January 21, 2020

Commercial sense prevails once again in the Court of Appeal

It's always good to see the courts taking a common and commercial sense approach and seeking, as far as possible, to honour the bargain made by the parties. It's particularly encouraging in the construction industry to see this when it comes to the much disputed and discussed payment sections of the Housing Grants, Construction and Regeneration Act 1996 (the "Act") and the Scheme for Construction Contracts 1998 (the "Scheme").

That is exactly what happened recently in the Bennett case in the Court of Appeal. Milestone payments were found to be compliant with the Act and the implied payment terms in the Scheme were found to be capable of co-existing with the payment provisions of the contract (and not requiring wholesale replacement) - the two central issues to the case - thereby doing the least violence to the agreement between the parties.

The facts

Contractor, Bennett, employed sub-contractor, Verbus, to design, supply and install 78 prefabricated modular bedroom units for a hotel. The interim payment provisions of the JCT standard form contract used were replaced with a payment mechanism based on five milestone payments. Three of the milestones (milestones 2, 3 and 4) were stated to be achieved on "sign off" – being undefined and not used consistently throughout the contract - of the units at different stages of their design, build and delivery.

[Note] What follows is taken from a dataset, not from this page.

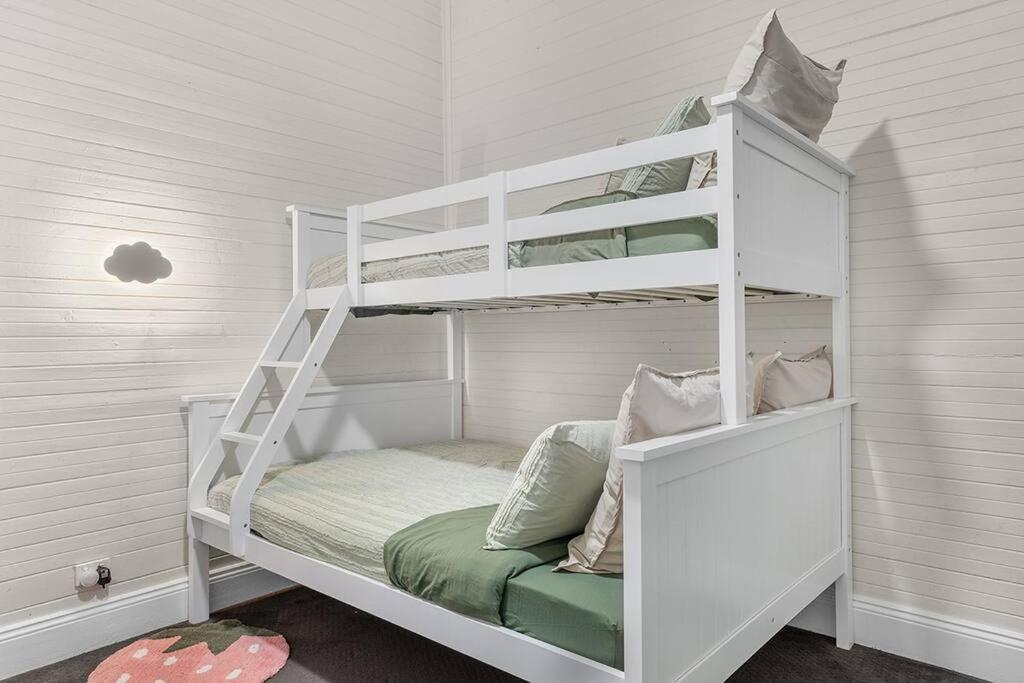 Pet-friendly slice of Carrodise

The validity of these milestones was challenged by Verbus as being non-compliant with section 110(1)(a) of the Act, the purpose of which is to ensure that every construction contract contains a "transparent and straightforward payment mechanism for payment … to a clear contractual timetable".

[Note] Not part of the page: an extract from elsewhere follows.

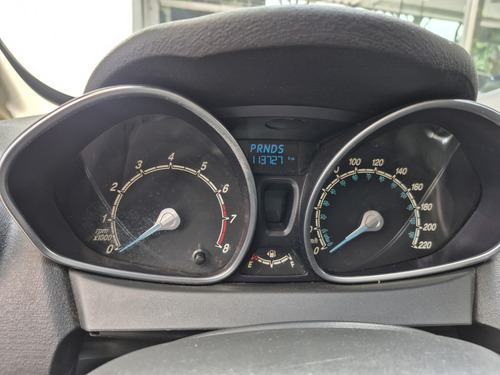 Ford Fiesta Kinetic 1.6 Titanium Powershift 120cv 2014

The judge at first instance held that milestones 2 and 3 were non-compliant and, because it was impossible just to alter those 2 milestones, paragraphs 2, 4 and 5 of the Scheme should replace the milestone mechanism in full. This would have the effect that interim payments would be calculated by reference to value of work done. There were 2 issues on appeal:

Issue 1 - did milestones 2 and 3 comply with the Act?  

Coulson LJ in the Court of Appeal commented that "the commercial effect of the judge's decision is stark". To replace those milestones would mean that Verbus would be entitled to payment (20% of the contract sum) irrespective of whether or not the prototype / units had "reached a stage of completion at which they could have been signed off". He went on to say that "this is a significant reapportioning of the commercial risk which the parties had agreed" and that it would take "very clear words in the Act in order to bring that about".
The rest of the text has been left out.